### Entries taken from a collection
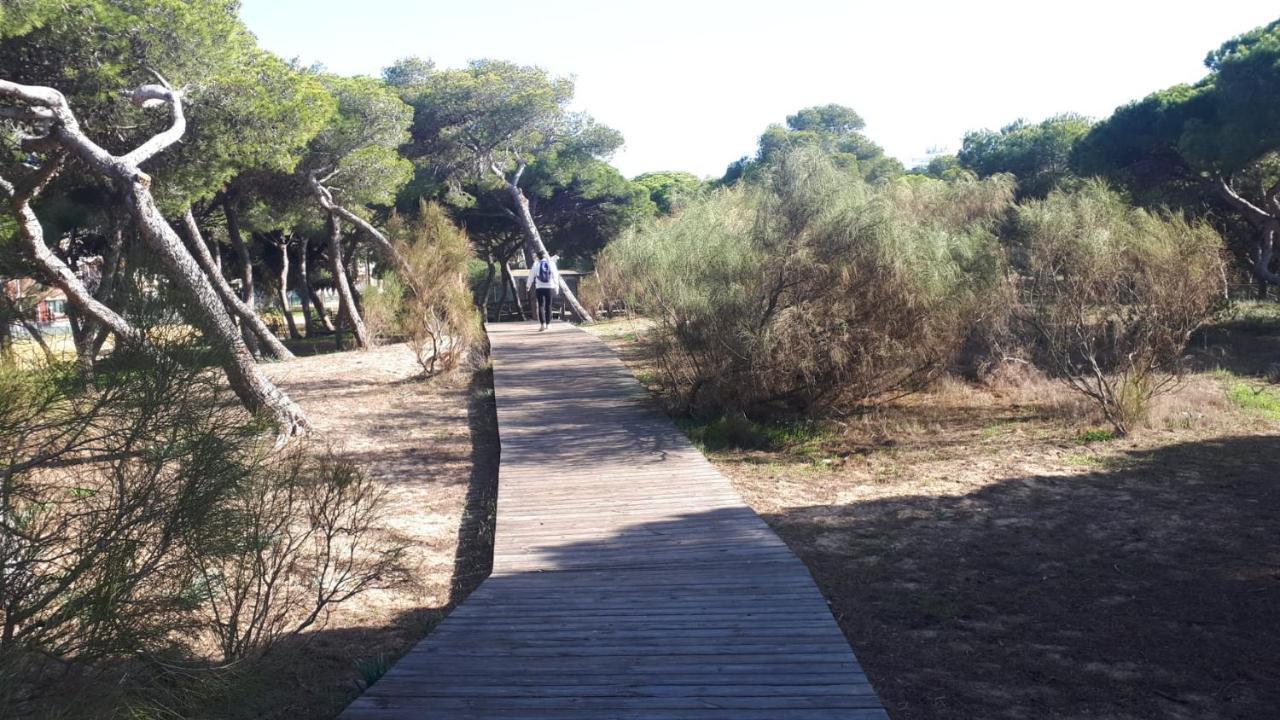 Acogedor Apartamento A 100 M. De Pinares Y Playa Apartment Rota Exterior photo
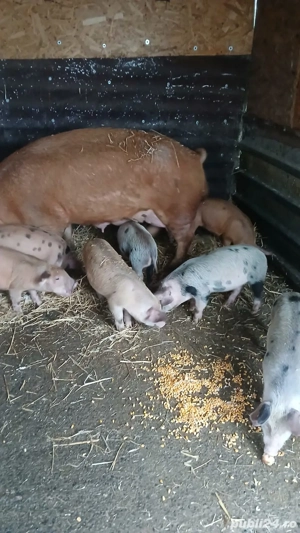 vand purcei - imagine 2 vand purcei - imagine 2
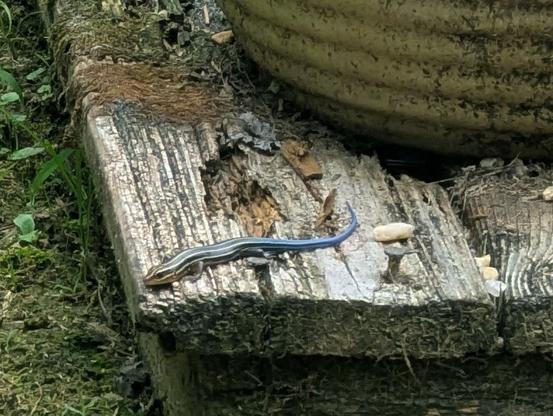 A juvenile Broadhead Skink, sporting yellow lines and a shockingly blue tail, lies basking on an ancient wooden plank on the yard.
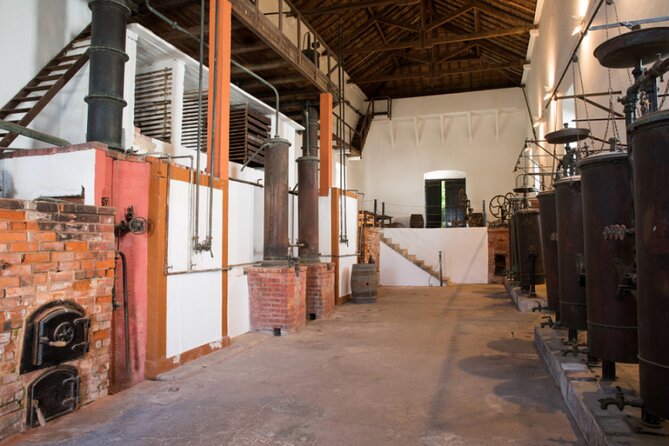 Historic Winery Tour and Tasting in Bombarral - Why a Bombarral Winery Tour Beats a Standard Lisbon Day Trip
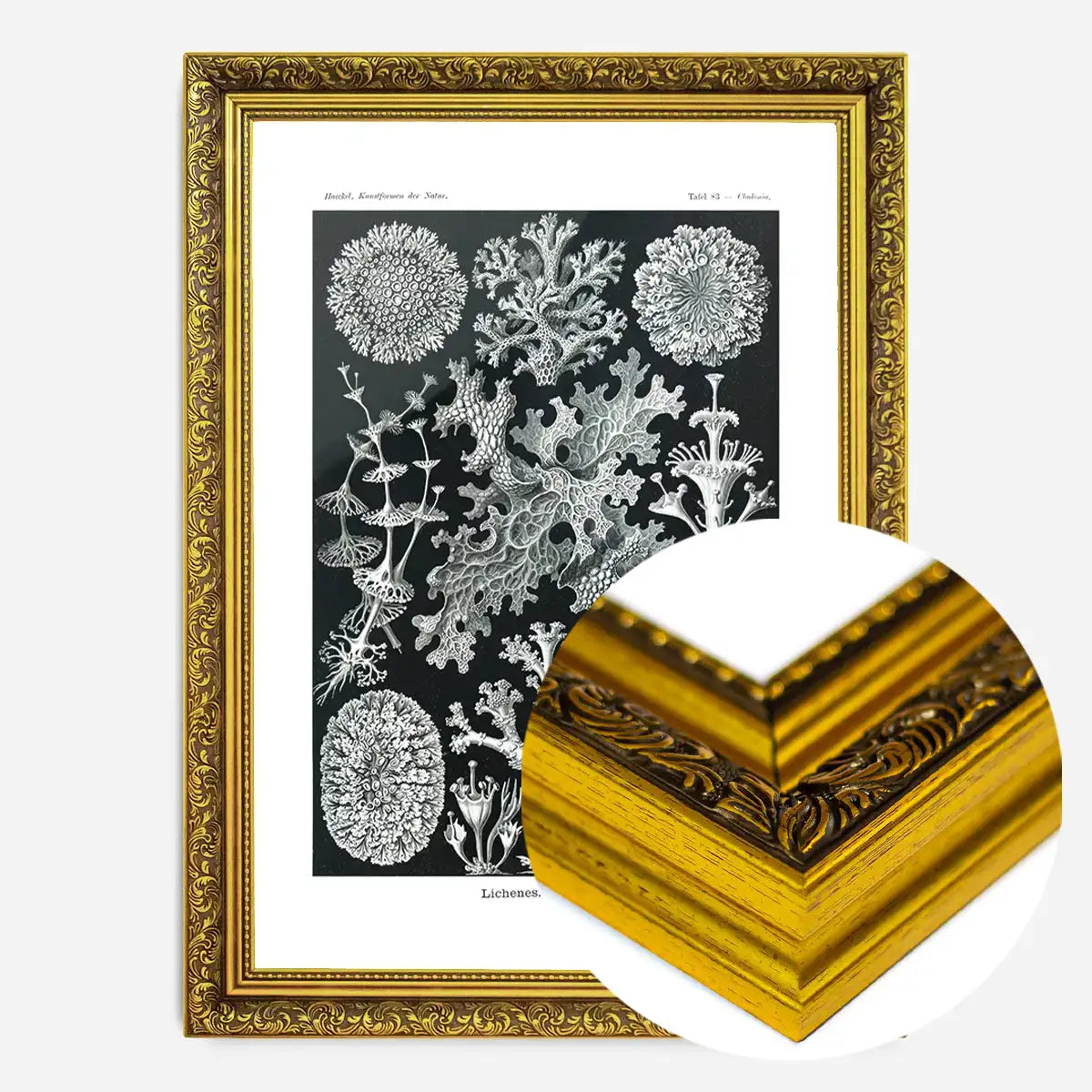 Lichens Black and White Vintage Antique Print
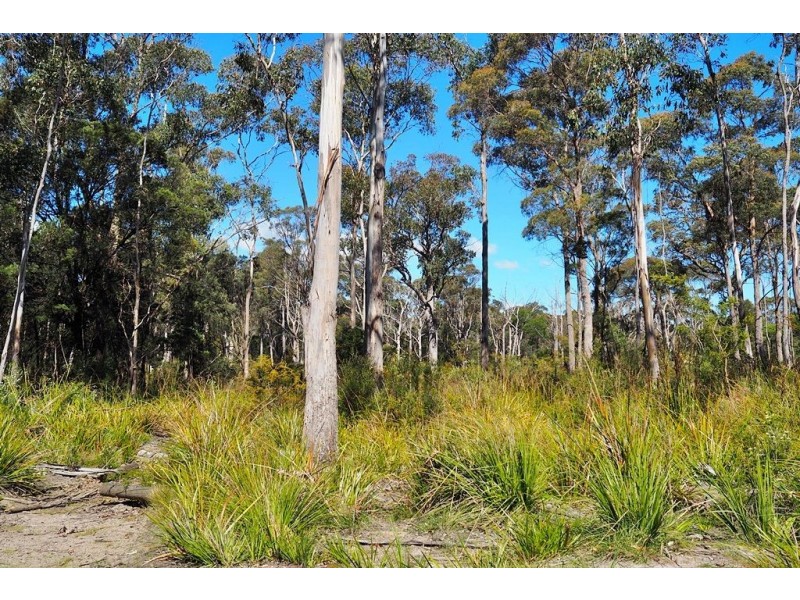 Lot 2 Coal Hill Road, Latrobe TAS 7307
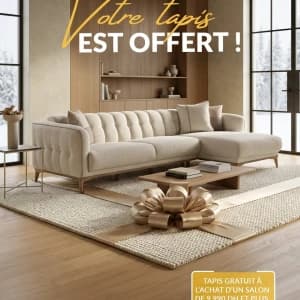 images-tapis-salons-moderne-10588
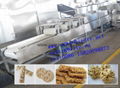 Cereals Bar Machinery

### PROMPT
Apart from the pictures, repeat the data above exactly.

### EXPECTED OUTPUT
 Acogedor Apartamento A 100 M. De Pinares Y Playa Apartment Rota Exterior photo
 vand purcei - imagine 2 vand purcei - imagine 2
 A juvenile Broadhead Skink, sporting yellow lines and a shockingly blue tail, lies basking on an ancient wooden plank on the yard.
 Historic Winery Tour and Tasting in Bombarral - Why a Bombarral Winery Tour Beats a Standard Lisbon Day Trip
 Lichens Black and White Vintage Antique Print
 Lot 2 Coal Hill Road, Latrobe TAS 7307
 images-tapis-salons-moderne-10588
 Cereals Bar Machinery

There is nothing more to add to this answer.